Other Names: F8 Intron 22 Test, Hemophilia A Gene Assay.
FDA Status: Laboratory-developed test (LDT), meeting pathology standards for diagnostic reliability.
Historical Milestone: F8 gene testing began in the 1990s with research by Lakich, who identified the inversion. PCR advancements in the 2000s by Applied Biosystems improved detection, surpassing earlier Southern blot methods.
Purpose: Detects intron 22 inversion to diagnose hemophilia A, guides factor replacement therapy, and evaluates patients with bleeding, aiming to manage disease.
Test Parameters: Intron 22 inversion status
Pretest Condition: No special preparation required. Collect whole blood, buccal swab, or saliva. Report history of bleeding disorders.
Specimen: Whole Blood (EDTA, 3-5 mL), Buccal Swab (sterile swab, 1-2 swabs), Saliva (sterile container, 1-2 mL); 4 mL whole blood in EDTA tube. Transport in a biohazard container.
Sample Stability at Room Temperature: 24 hours
Sample Stability at Refrigeration: 1 week
Sample Stability at Frozen: 1 month
Medical History: Document excessive bleeding or bruising. Include current medications or family history.
Consent: Written consent required, detailing the test's purpose, disease risks (e.g., hemorrhage), and sample collection risks.
Procedural Considerations: Uses PCR to detect inversion, requiring labs with thermal cyclers. Results available in 5-7 days. Performed in labs with strict handling.
Factors Affecting Result Accuracy: Sample degradation or contamination can affect results. Medications may not affect results but require correlation.

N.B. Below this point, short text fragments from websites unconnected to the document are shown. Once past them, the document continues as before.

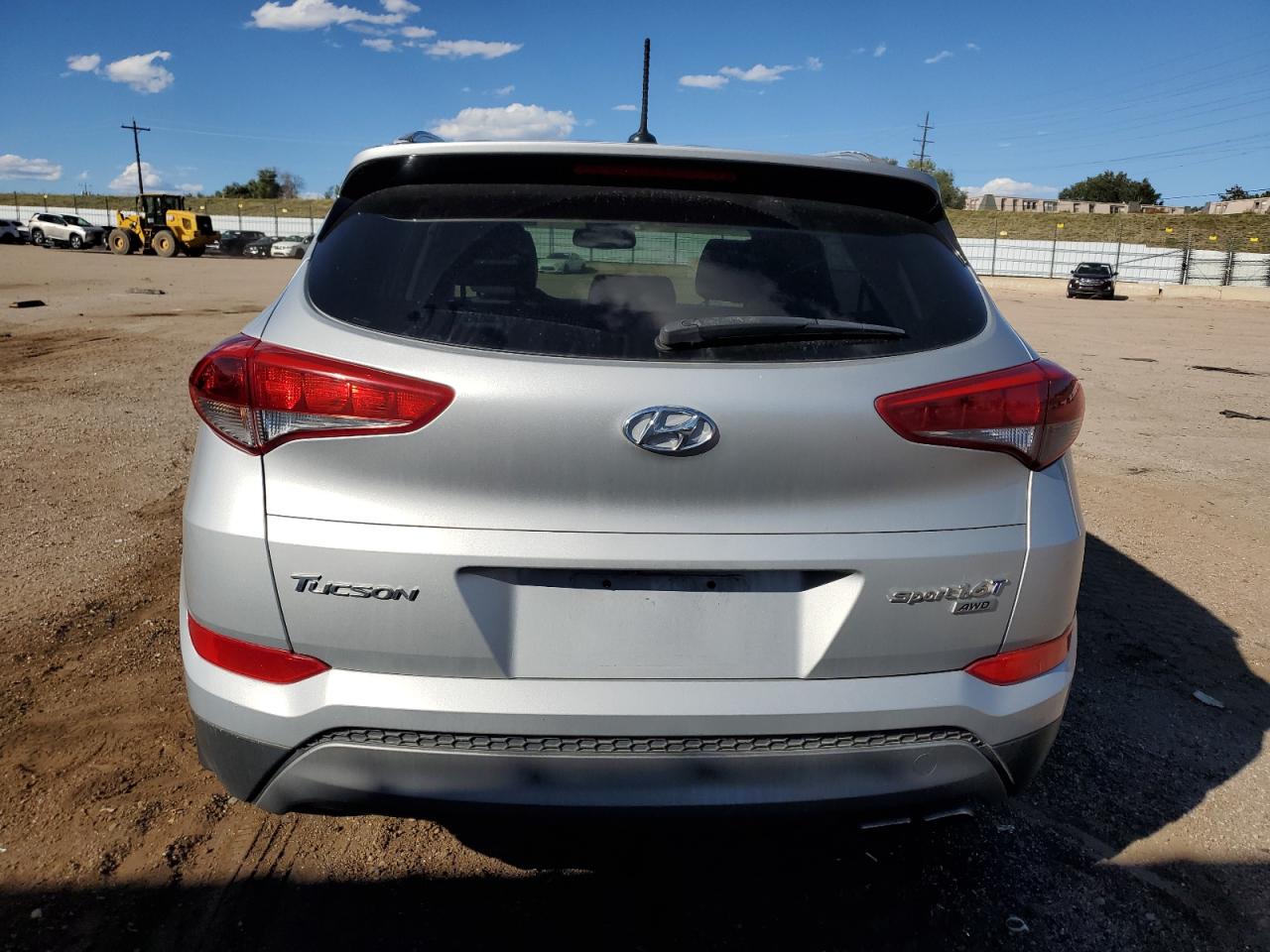 HYUNDAI TUCSON LIMITED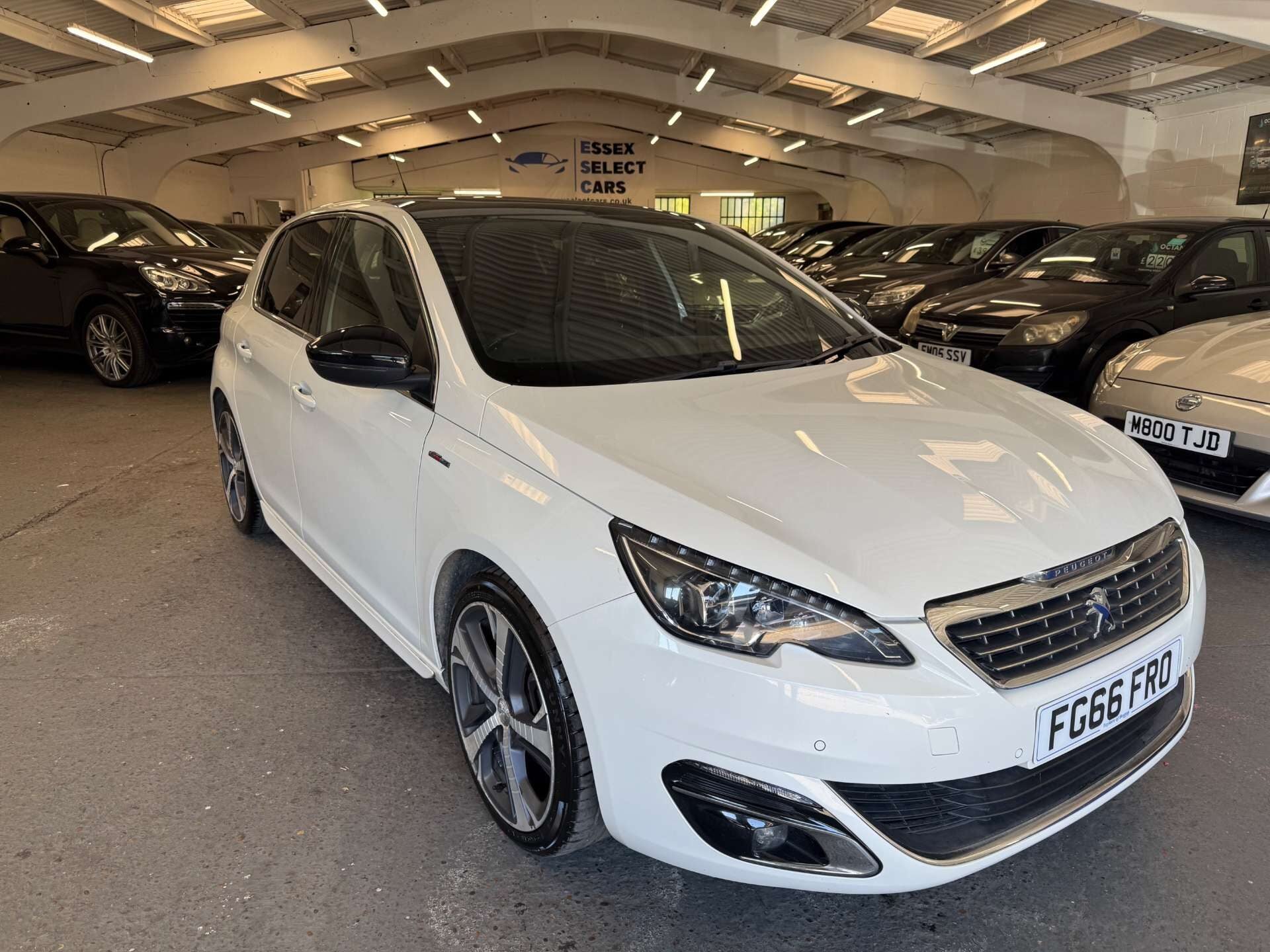 Peugeot 308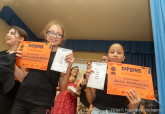 El Patronato Sagrado Coraz�n clausura su Escuela Abierta de Verano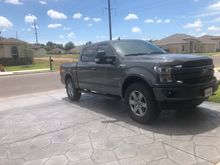 2.5 Level with Nitto Ridge Grapplers 295/65/ 20 or 35X11.5x20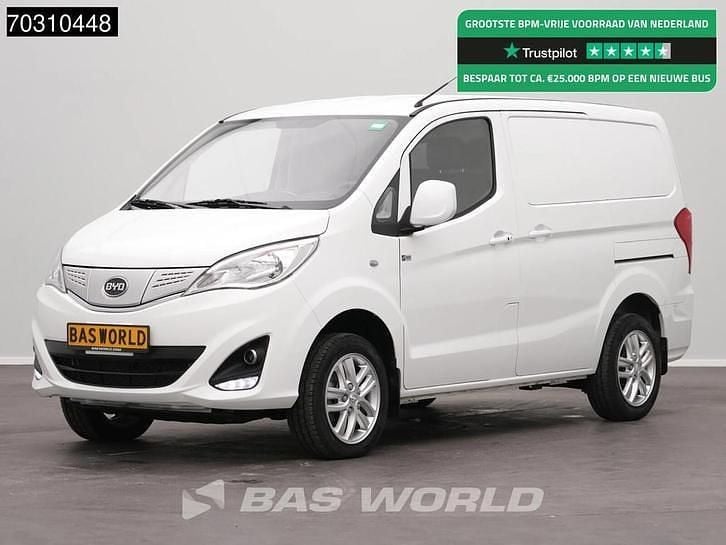 Occasion 2023 BYD ETP3 Van | € 12.900 (Super prijs) - Afbeelding 1/4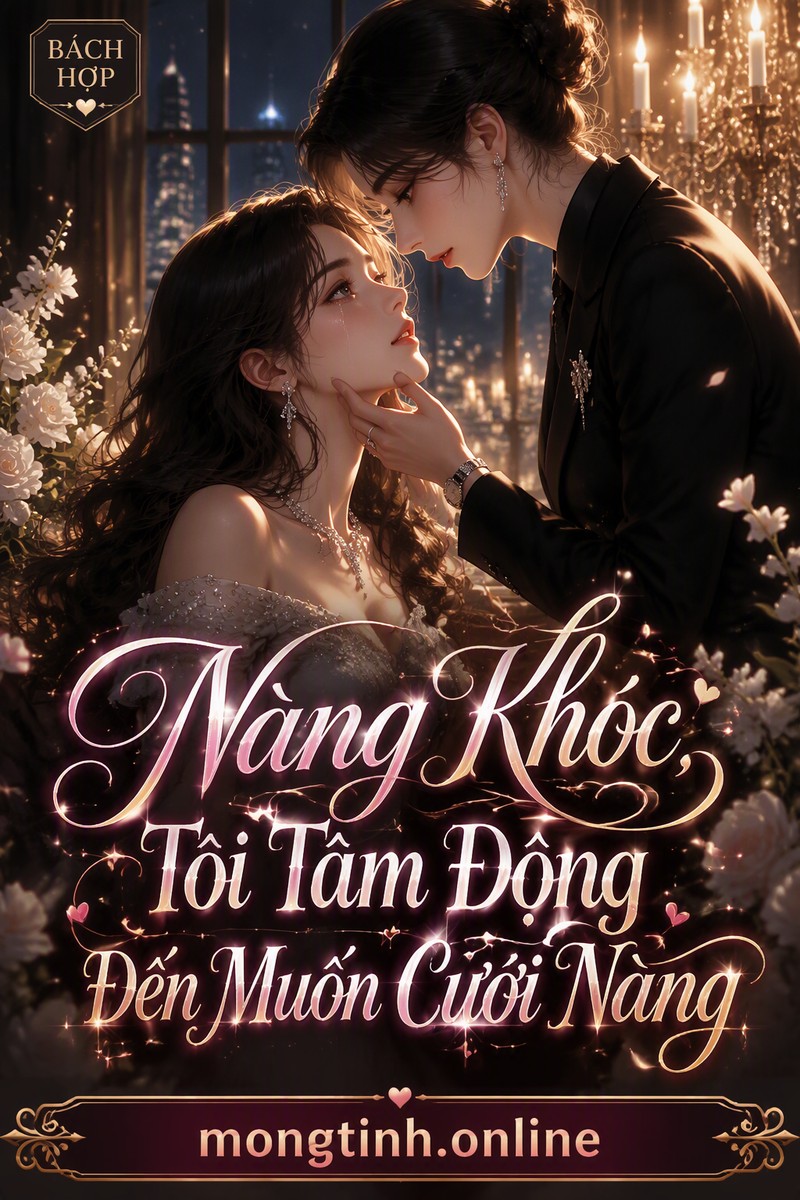 Nàng Khóc, Tôi Tâm Động Đến Muốn Cưới Nàng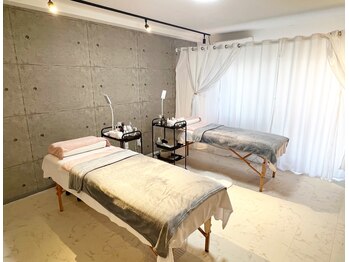 ベルム(Bellmu)/ベットで施術☆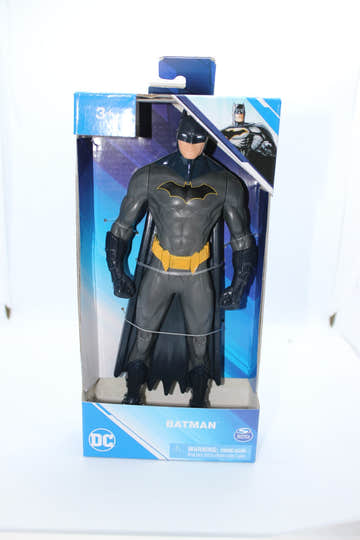 DC Batman Aksiyon Figürü 24 cm (Spin Master)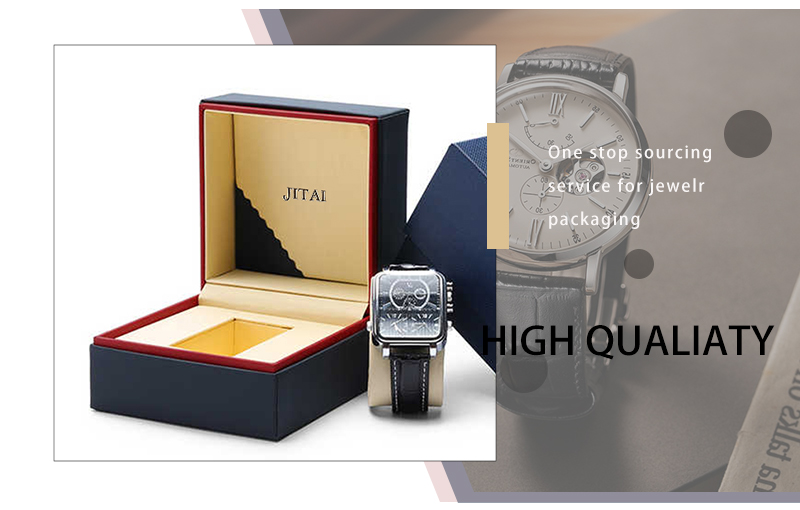 WPB031 premium watch box wholesale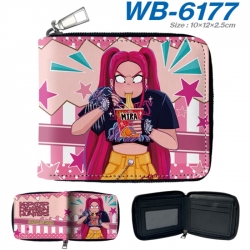 K-Pop Demon Hunters Anime colo...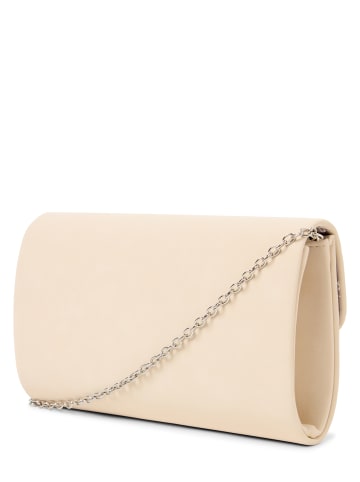 Abendtasche Amalia in ecru - 0002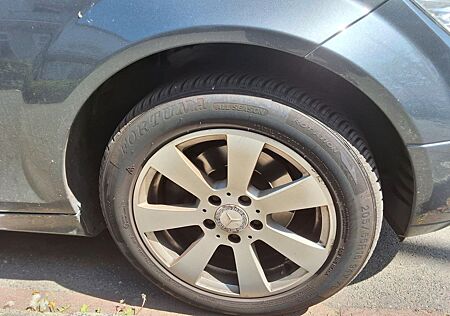 Mercedes-Benz C 200 CDI BlueEFFICIENCY AVANTGARDE AVANTGARDE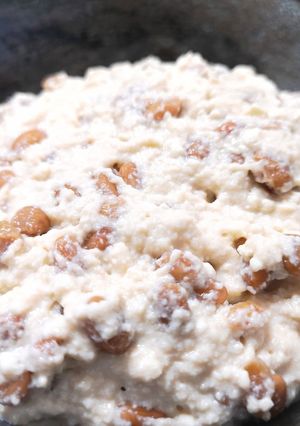 大豆を目一杯味わう☆もったり濃厚納豆豆腐-レシピのメイン写真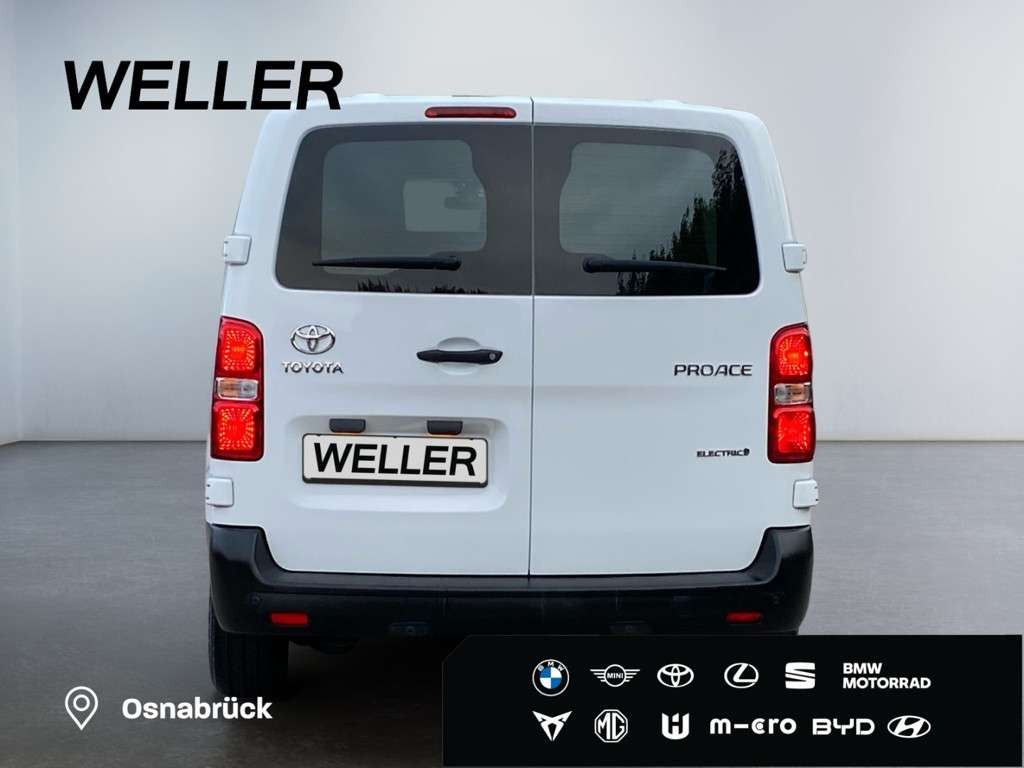 Toyota Proace Verso EV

Clinical Significance: Positive inversion confirms hemophilia A, guiding therapy. Early management might prevent complications, while untreated cases lead to death. Normal results may require other F8 tests.
Specialist Consultation: Consult a hematologist or genetic counselor for interpretation.
Additional Supporting Tests: Factor VIII levels, PT/PTT, or genetic panel to confirm diagnosis.
Test Limitations: Specific to intron 22; correlation with clinical status needed. False negatives possible with other mutations.
References: NHF Guidelines, 2023; Nature Genetics, Lakich D, 2022.